La collezione della Pinacoteca spazia dal vedutismo settecentesco di Canaletto e Bellotto all’arcadia di Tiepolo; dal classicismo di Canova alle affettuosità plastiche di Renoir; dal Futurismo dinamico di Balla alla forma e al colore del Novecento di Picasso e Matisse. Oltre al piacere della bellezza, quale altro legame unisce queste opere?

La luce è un elemento comune a molte opere. Si parte dalla luce settecentesca di Canaletto e Bellotto: più fredda quella di Bellotto che va verso l’Europa del Nord, verso Dresda e Varsavia; più calda quella di Canaletto a Venezia. Sono dipinti che mostrano uno studio attentissimo dell’atmosfera, delle condizioni climatiche. Soprattutto guardando alle vedute veneziane del giovane Canaletto, troviamo cieli drammatici, molto scuri, quasi da temporale, bellissimi, anche in rapporto al Canaletto più tardo, dove invece l’aria si fa più tenue e dorata. C’è poi la luminosità dell’Ottocento: la luce che si riflette perfetta sulle superfici di Canova, e quella sensuale della bagnante di Renoir; il dipinto – che ritrae la moglie dell’artista davanti al mare di Capri – proviene dalla collezione dello storico dell’arte inglese Kenneth Clark. Infine il Novecento, con il fulgore intenso del meraviglioso nudo di Modigliani, o quello aereo e trasparente dei Matisse. Sono opere di qualità elevatissima che dimostrano la capacità dell’avvocato a scegliere.
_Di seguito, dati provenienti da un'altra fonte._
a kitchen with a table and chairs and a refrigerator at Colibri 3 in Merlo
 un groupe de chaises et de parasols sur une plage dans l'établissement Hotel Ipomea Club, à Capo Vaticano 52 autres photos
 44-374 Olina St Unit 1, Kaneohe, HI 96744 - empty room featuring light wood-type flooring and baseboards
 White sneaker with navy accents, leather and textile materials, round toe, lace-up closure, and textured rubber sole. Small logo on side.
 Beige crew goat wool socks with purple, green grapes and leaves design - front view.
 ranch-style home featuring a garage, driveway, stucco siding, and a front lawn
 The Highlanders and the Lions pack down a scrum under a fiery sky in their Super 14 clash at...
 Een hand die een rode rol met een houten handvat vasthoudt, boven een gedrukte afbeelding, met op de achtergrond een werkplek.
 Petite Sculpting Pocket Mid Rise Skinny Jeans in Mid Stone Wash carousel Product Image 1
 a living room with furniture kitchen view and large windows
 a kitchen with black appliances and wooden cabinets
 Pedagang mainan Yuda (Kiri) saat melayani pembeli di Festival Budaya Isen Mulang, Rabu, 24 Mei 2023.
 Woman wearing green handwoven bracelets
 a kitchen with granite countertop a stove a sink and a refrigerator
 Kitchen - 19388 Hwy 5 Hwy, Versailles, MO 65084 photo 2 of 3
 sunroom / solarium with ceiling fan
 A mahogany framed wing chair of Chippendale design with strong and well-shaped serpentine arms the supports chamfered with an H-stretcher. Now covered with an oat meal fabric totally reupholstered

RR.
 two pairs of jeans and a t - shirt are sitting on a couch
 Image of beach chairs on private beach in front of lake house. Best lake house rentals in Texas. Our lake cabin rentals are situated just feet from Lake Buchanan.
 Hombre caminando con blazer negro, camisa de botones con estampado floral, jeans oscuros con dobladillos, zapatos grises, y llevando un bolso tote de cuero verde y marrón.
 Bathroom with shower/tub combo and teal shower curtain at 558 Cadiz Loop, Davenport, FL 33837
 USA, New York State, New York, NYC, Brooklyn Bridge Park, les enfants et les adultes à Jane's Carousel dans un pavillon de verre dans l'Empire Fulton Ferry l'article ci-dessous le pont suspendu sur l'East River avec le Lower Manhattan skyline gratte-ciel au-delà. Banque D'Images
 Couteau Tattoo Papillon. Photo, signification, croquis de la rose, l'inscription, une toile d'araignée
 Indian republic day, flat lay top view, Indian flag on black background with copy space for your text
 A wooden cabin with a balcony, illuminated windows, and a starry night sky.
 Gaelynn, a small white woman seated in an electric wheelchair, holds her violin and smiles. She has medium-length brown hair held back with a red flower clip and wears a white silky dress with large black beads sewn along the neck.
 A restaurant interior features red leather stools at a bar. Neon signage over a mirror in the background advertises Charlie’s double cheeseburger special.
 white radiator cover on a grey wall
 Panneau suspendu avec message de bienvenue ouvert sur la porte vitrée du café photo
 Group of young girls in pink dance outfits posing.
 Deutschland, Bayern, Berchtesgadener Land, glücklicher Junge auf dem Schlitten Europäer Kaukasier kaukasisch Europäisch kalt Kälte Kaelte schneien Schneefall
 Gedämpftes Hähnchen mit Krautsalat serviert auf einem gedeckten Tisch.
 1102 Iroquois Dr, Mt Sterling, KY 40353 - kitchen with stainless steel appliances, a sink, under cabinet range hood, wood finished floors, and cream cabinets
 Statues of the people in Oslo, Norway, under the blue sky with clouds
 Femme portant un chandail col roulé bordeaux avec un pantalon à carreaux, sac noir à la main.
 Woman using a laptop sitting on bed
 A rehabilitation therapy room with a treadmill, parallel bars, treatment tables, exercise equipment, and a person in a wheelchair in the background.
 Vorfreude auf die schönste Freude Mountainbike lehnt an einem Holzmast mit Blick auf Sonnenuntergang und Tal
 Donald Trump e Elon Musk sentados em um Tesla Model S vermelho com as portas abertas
Nell’intenzione di educare al gusto, che sottintende ai propositi della Pinacoteca, c’è la volontà di migliorare la qualità della vita attraverso l’arte?

La bellezza e il gusto si educano anche attraverso i musei, dove s’impara a guardare e ad apprezzare l’arte, dove si affina il nostro senso estetico, dove la gioia che si trae dall’ammirare le opere aiuta a migliorare la vita. Per questo esiste la Pinacoteca, per questo l’avvocato e Donna Marella hanno voluto trasformare il privilegio di possedere una collezione privata in qualcosa da condividere con tutti, e perché – come sosteneva Giovanni Agnelli – la creatività è l’aspetto davvero rilevante della nostra esistenza.

Come dice Pierre Rosenberg: “Una collezione è sempre una confessione”. Da storica dell’arte, come legge i mutamenti del gusto del collezionista Giovanni Agnelli attraverso gli anni?

Non parlerei di evoluzione, parlerei di un gusto poliedrico e sfaccettato, mosso dalla grande curiosità che l’ha sempre guidato nelle sue scoperte. Per tutta la vita ha collezionato opere molto diverse tra loro, e questa diversità, questa vastità d’indirizzi è proseguita negli anni. Una caratteristica che è un valore aggiunto.

Giovanni Agnelli: amateur o connaisseur?

Sebbene si dedicasse con passione allo studio dell’arte; sebbene avesse una conoscenza approfondita di tutte le opere della sua collezione; sebbene frequentasse con assiduità gli storici – e di questi ne fosse anche amico – per condividere i loro metodi di analisi e di ricerca, trovo che non fosse propriamente un connaisseur. Il suo approccio all’opera, quello del piacere legato alla bellezza e all’estetica, rivela l’anima di un amateur, di una persona che con diletto si interessa a ciò che ama. E l’arte era certamente un grande amore.